## Exercise requirements
Every record that follows should be copied exactly. No picture belongs in the copy.

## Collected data
========
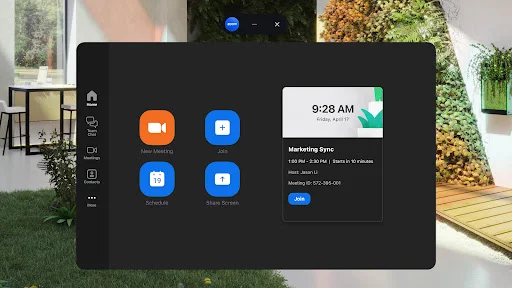 Descarga Zoom Workplace: Videollamadas y Colaboración con IA - Screenshot 14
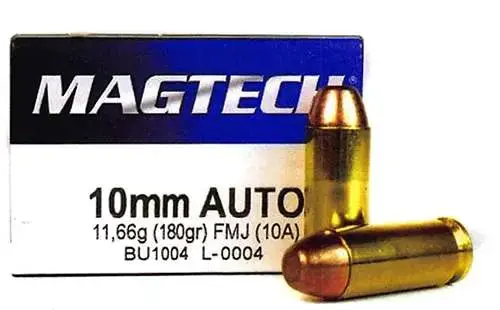 Magtech 10mm Auto FMJ 180GR
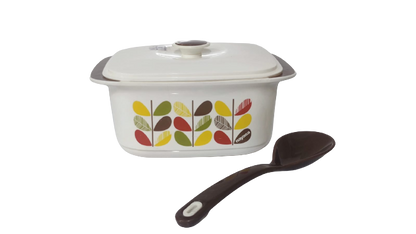 Nayasa Microwave Safe Delish 3100 Casserole With Serving Spoon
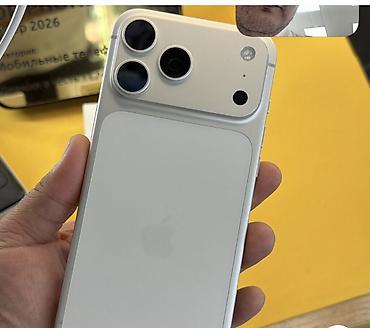 Apple iPhone: IPhone 17 Pro Max, Б/у, White Titanium — 3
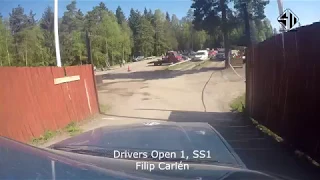 Drivers Open 1 i Jönköping 10/5 | Filip Carlén SS1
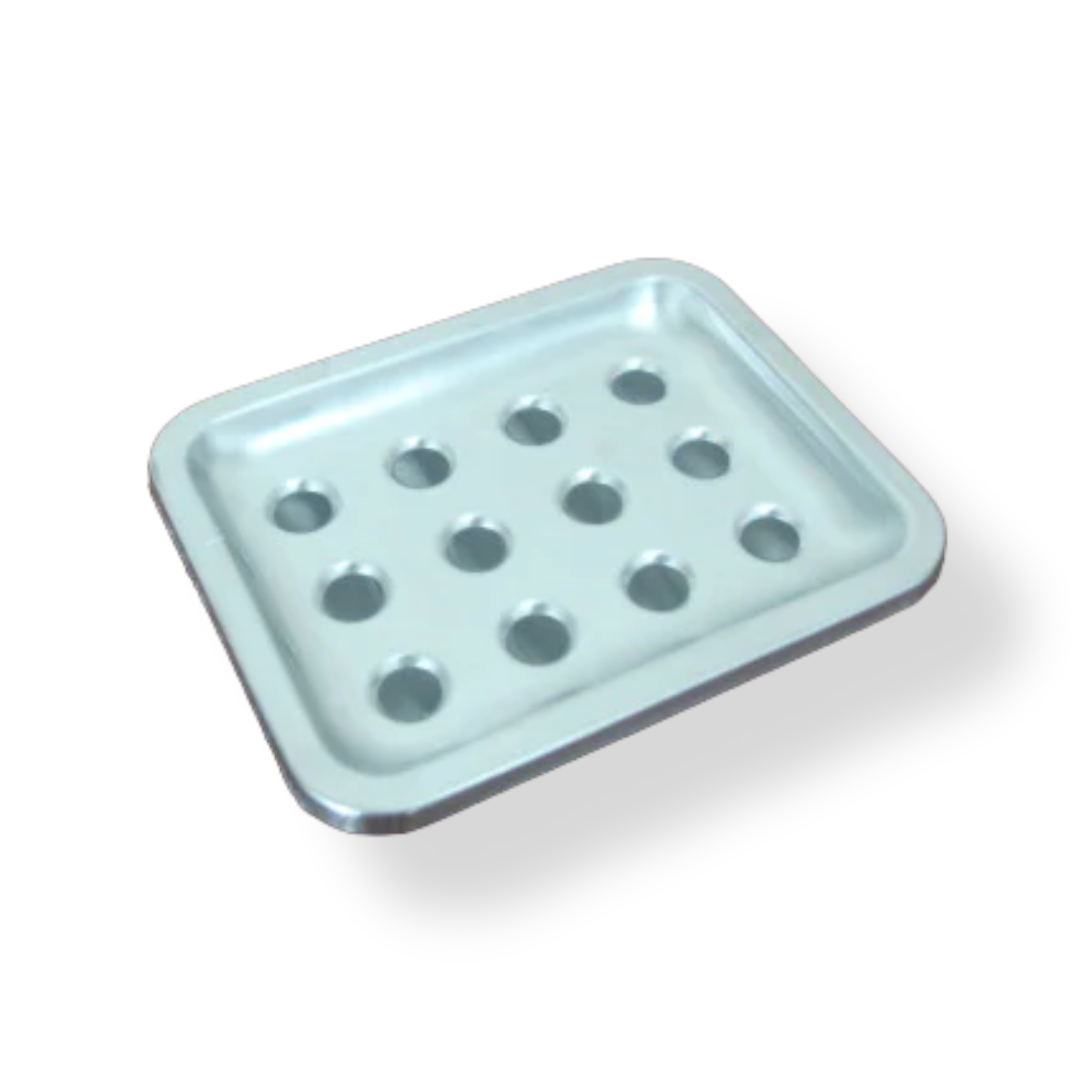 Rectangular stainless soap dish - lunazchef.shop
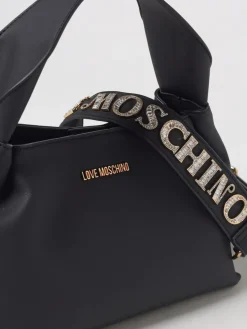 Borsa Love Moschino in pelle sintetica a grana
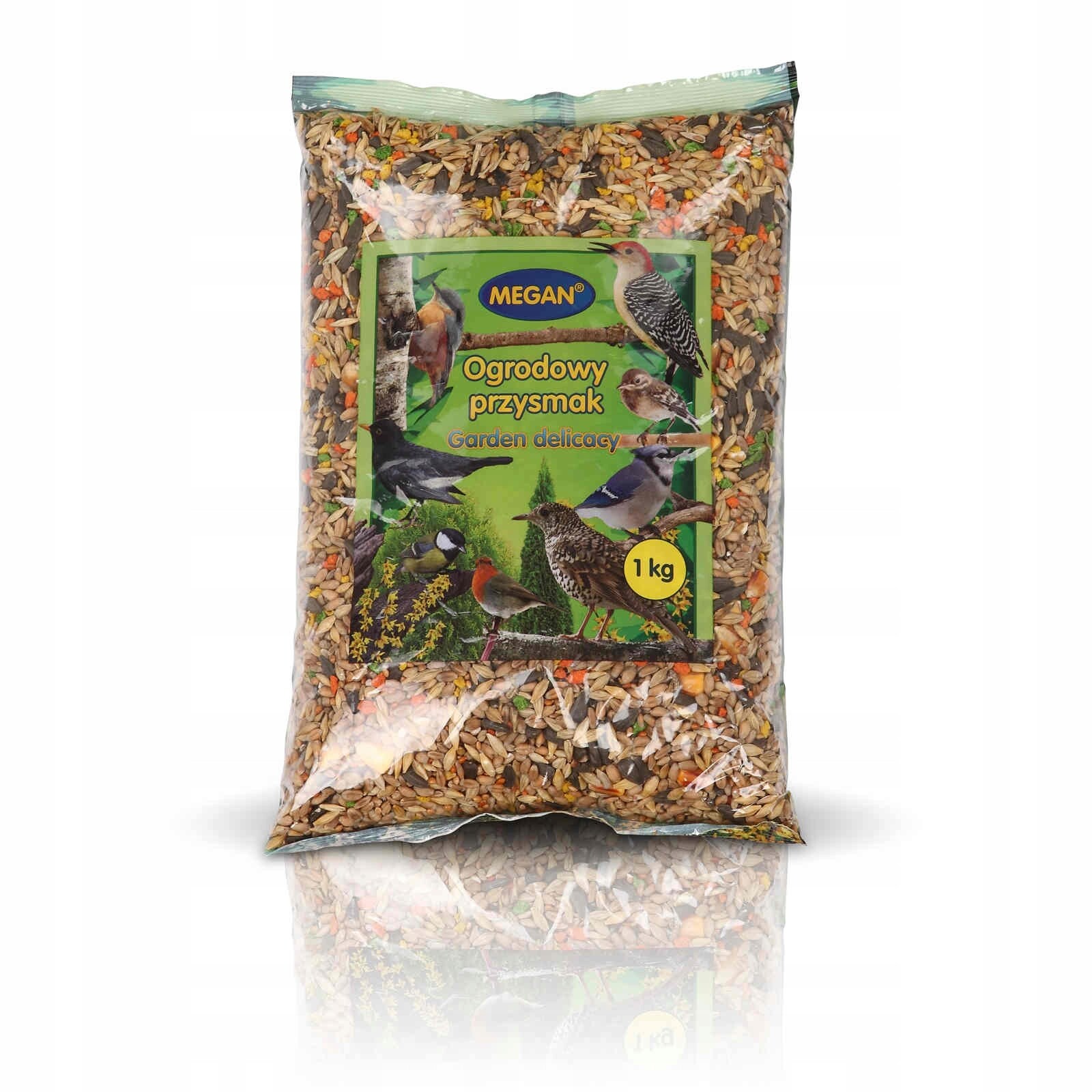 Megan Krmivo Birds Food zahradní pamlsek 12x1kg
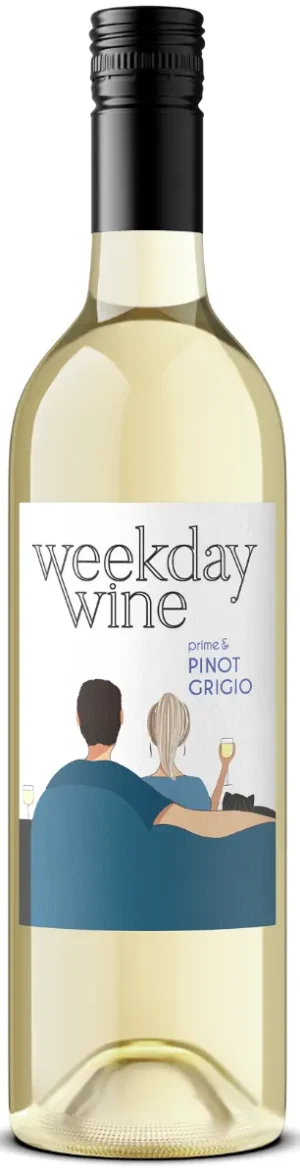 Weekday Wine - Pinot Grigio 750ml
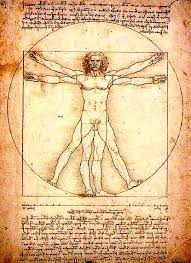 The Vitruvian Man (c. 1485) Accademia, Venice.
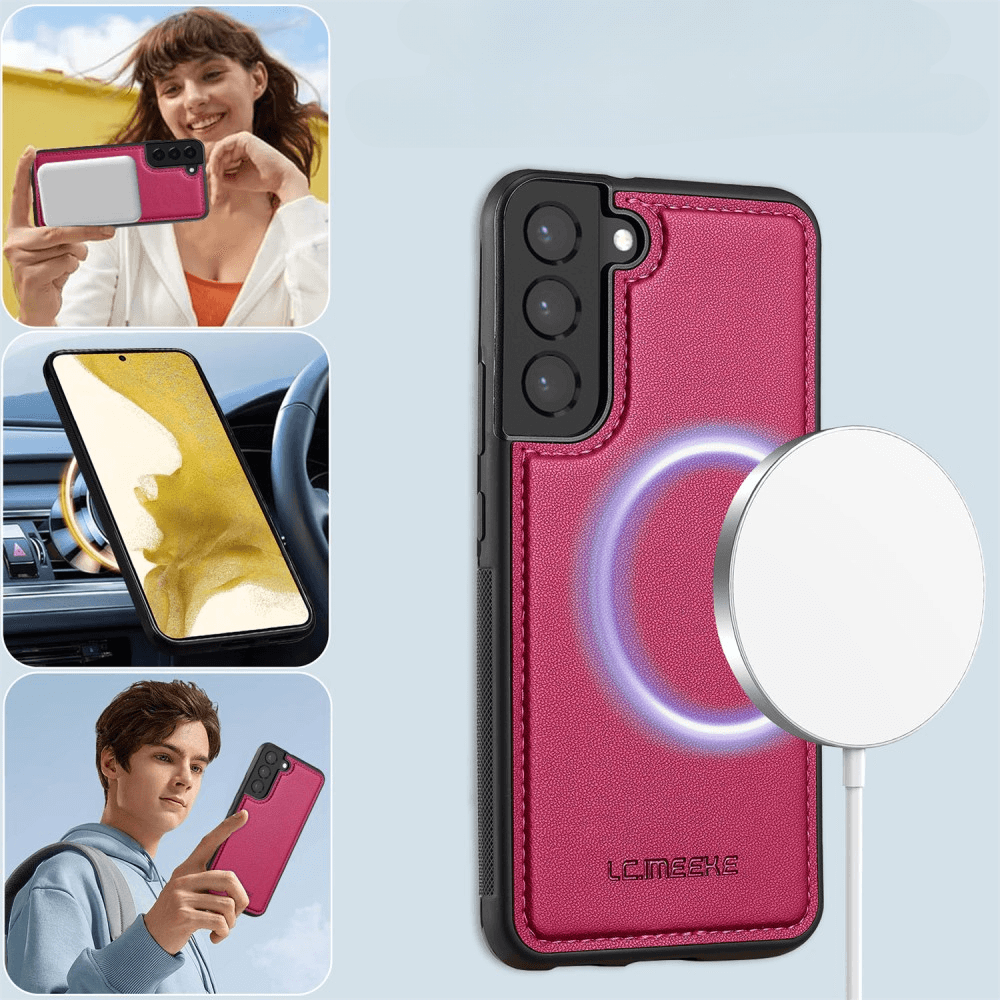 Galaxy S25 - LC.IMEEKE série L2 Portefeuille et étui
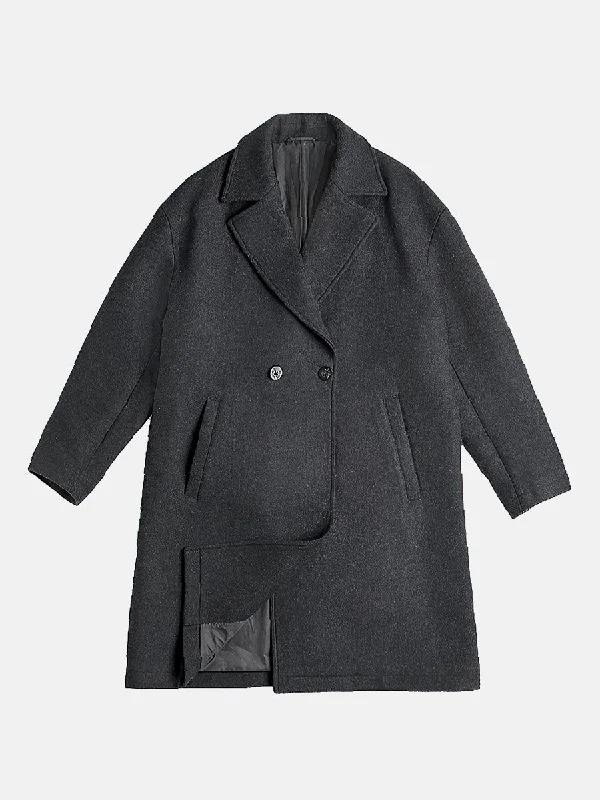 Men's formal shoes with a narrow toe boxVintage Style Wool Tweed Coat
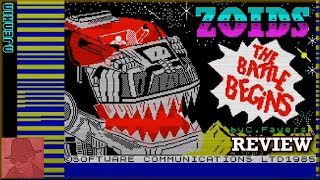 Zoids : The Battle Begins - on the ZX Spectrum 48K !! with Commentary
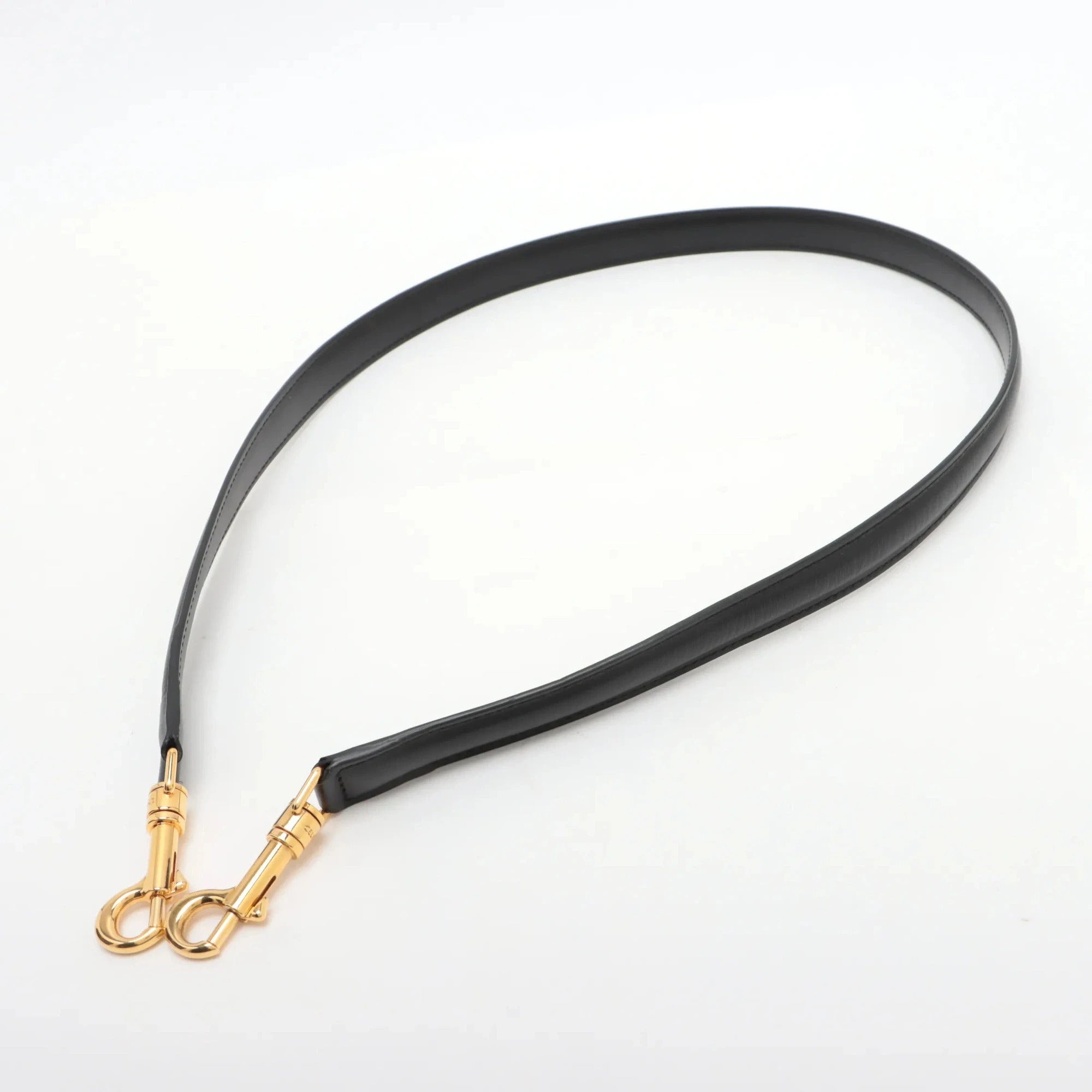 Pre-Loved Bucket 16 Bucket Bag Leather with Gold Hardware, Black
========
## Your response
 Descarga Zoom Workplace: Videollamadas y Colaboración con IA - Screenshot 14
 Magtech 10mm Auto FMJ 180GR
 Nayasa Microwave Safe Delish 3100 Casserole With Serving Spoon
 Apple iPhone: IPhone 17 Pro Max, Б/у, White Titanium — 3
 Drivers Open 1 i Jönköping 10/5 | Filip Carlén SS1
 Rectangular stainless soap dish - lunazchef.shop
 Borsa Love Moschino in pelle sintetica a grana
 Megan Krmivo Birds Food zahradní pamlsek 12x1kg
 Weekday Wine - Pinot Grigio 750ml
 The Vitruvian Man (c. 1485) Accademia, Venice.
 Galaxy S25 - LC.IMEEKE série L2 Portefeuille et étui
 Men's formal shoes with a narrow toe boxVintage Style Wool Tweed Coat
 Zoids : The Battle Begins - on the ZX Spectrum 48K !! with Commentary
 Pre-Loved Bucket 16 Bucket Bag Leather with Gold Hardware, Black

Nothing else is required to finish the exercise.